In addition to whitetail deer, the JL also has solid numbers of feral hog, javelina, turkey, bobcats, coyote, Bobwhite quail, and resident dove. During our photo shoot, I jumped quail coveys on two different sides of the ranch, saw dove everywhere, ducks, cranes, and (my estimate) a 300 lb. sow soaking in a creek slough! One of the biggest pigs I've seen in a while. The three largest water tanks (details below) are fairly shallow and create an excellent marsh habitat for waterfowl hunting!
The JL has water scattered all around it. It has five water tanks, all of them large in size, providing over eleven acres of total surface water across the ranch. The ranch has three tributaries of the South Fork of Beaver Creek running across it, and different tanks were built off of different drainages, so whether it rains to the north, west or south of the ranch, water will eventually be held on the property.
The three largest tanks are all located in a row on the south side. These basins vary in size, with the largest being about five acres. Because they are shallow tanks, it doesn't take a lot of rain to fill them up. In the wintertime, it is common to see thousands of ducks and geese sitting down here.
The ranch has solid mesquite cover across it, with tall hardwood trees lining the creeks. Years ago, some of the land was opened up by grubbing selective parts of the pastures to promote grass growth and facilitate wildlife traffic. These cleared lanes help channel deer to the food plots.
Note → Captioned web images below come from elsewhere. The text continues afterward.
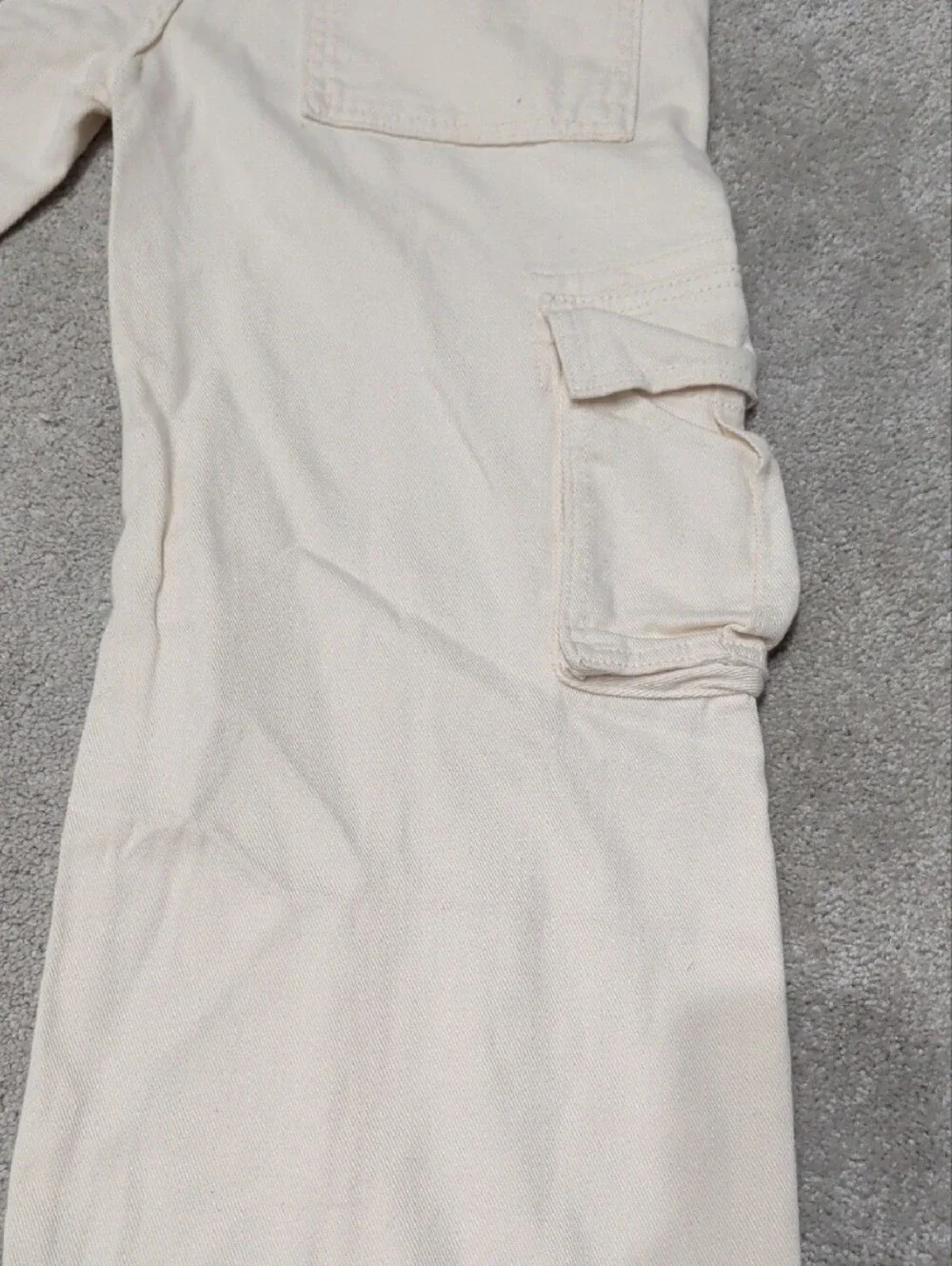 Girls Cream Cargo Pants - Relaxed Fit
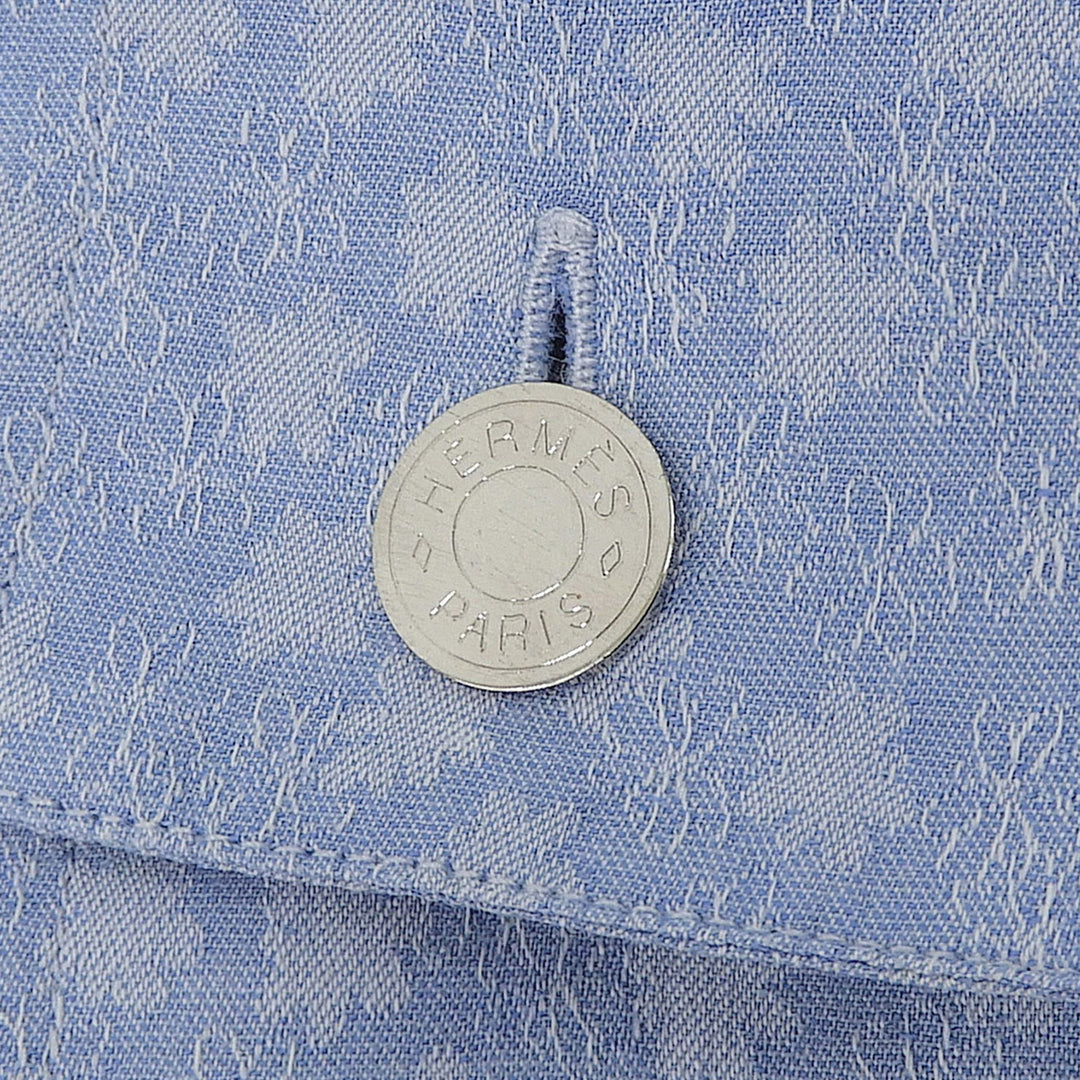 Great HERMES Long sleeve shirt Serie button total pattern Light blue cotton 42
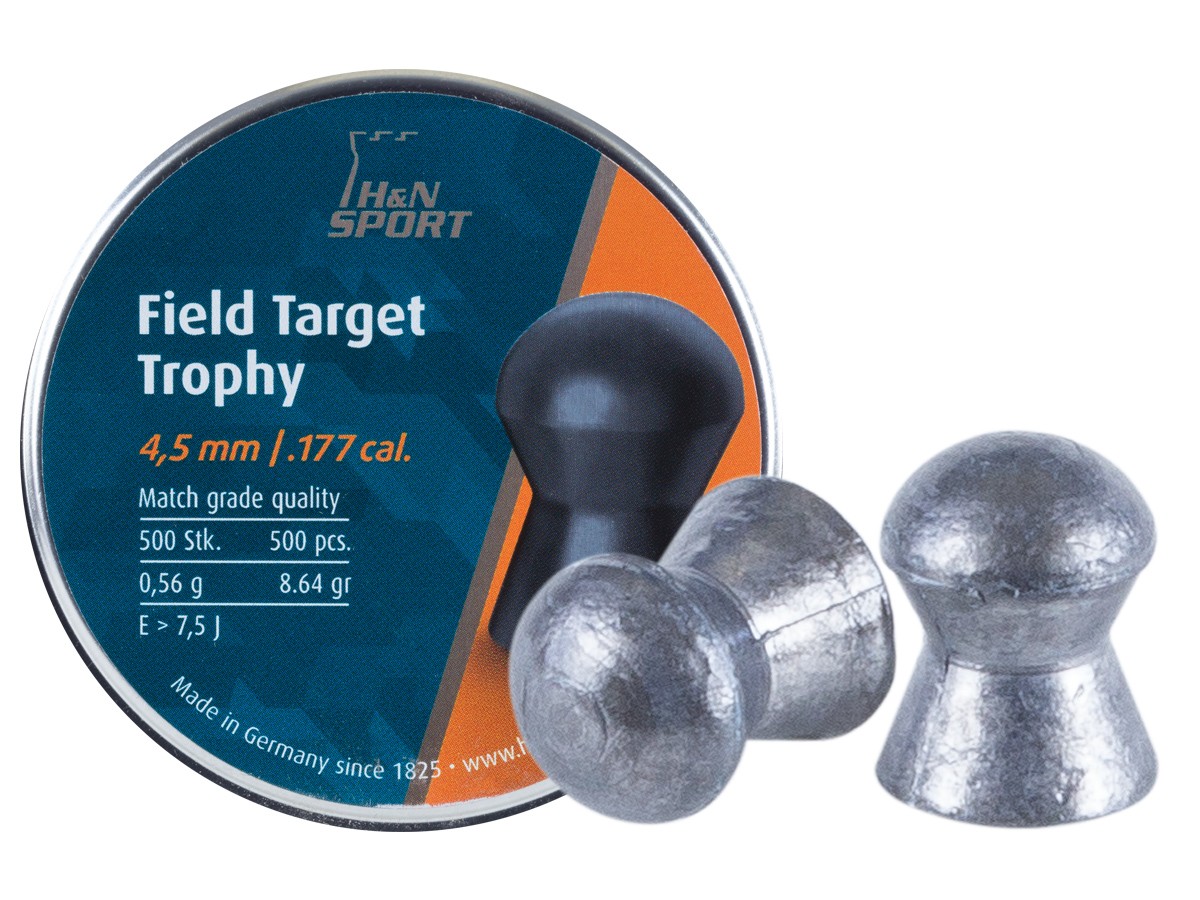 H&N Field Target Trophy, .177 Cal, 4.52mm, 8.64 Grains, Round Nose, 500ct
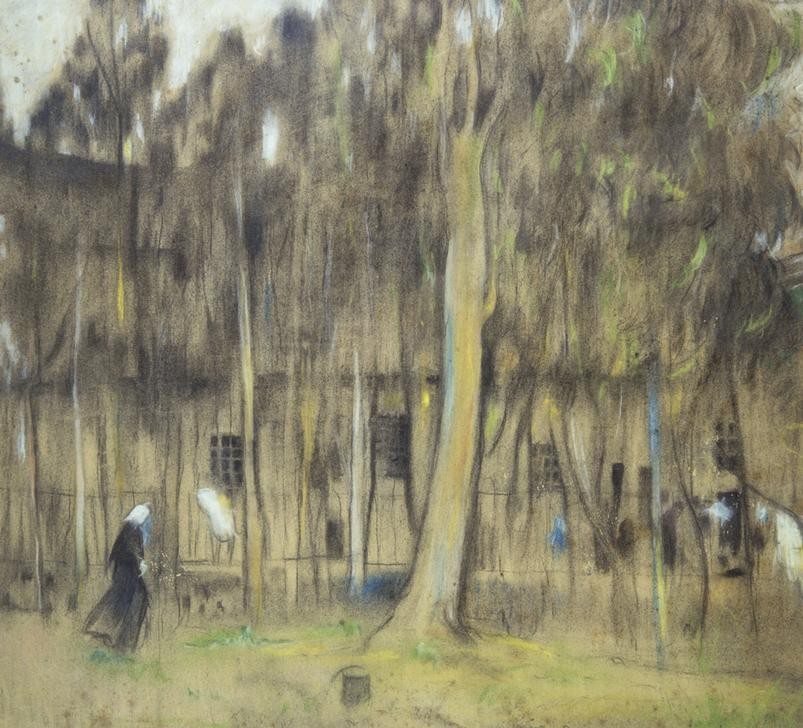 Joaquim Mir, Garten von Pere Mata (Krankenhaus, psychiatrische Klinik, Krankenschwester, Garten, Bäume, Abstraktion, Post-Modernisme, Malerei, Klassische Moderne, Wunschgröße, Wohnzimmer, Treppenhaus, bunt)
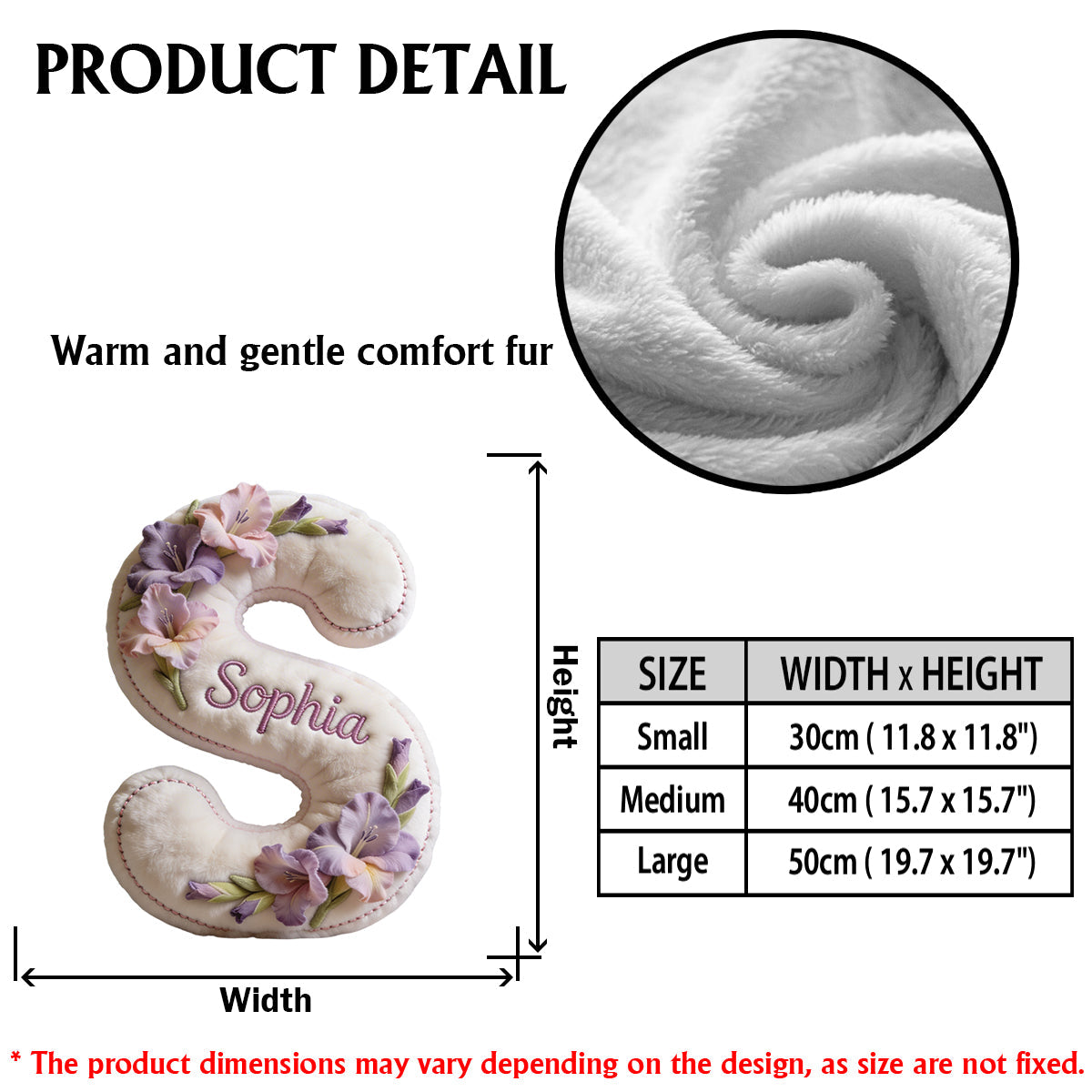 Beliebiges Foto, Geburtsblume, Anfangsbuchstabe des Namens - Personalisiertes Premium-Kunstfellkissen zur Selbstliebe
The terrain is primarily flat and is well drained. The ranch is divided into two grazing pastures, and the grasses are in good shape. The neighbor to the north seasonally runs cattle on the property, rotating across his and the JL pastures; in lieu of a normal cash lease, the tenant sews and maintains the three food plots, plus drags the roads when the need it. This is an asset because it keeps an ag exemption in place for the taxes and relieves the owner of the hassle of maintaining his own food plots. You can just show up and hunt! This agreement has been in place for ten years and can be assumed at closing.
Located on the far east side is a deer camp, with two camping trainers (Jay Flight and Sprinter models) and a 40' x 40' metal insulated barn. The barn has a concrete floor and electricity (outlets, lights, etc.), and could easily be converted into a lodge, with some interior walls and finishing. A septic tank is already in place here, and a water well too with a 500 gallon holding tank is too.
Most of the fencing is in very good shape on the ranch, with barbed wire and metal t-posts; the east side joining the Waggoner Ranch is an older fence and loose. All of the gates are metal, with the exception of two of the food plots that have wire gates.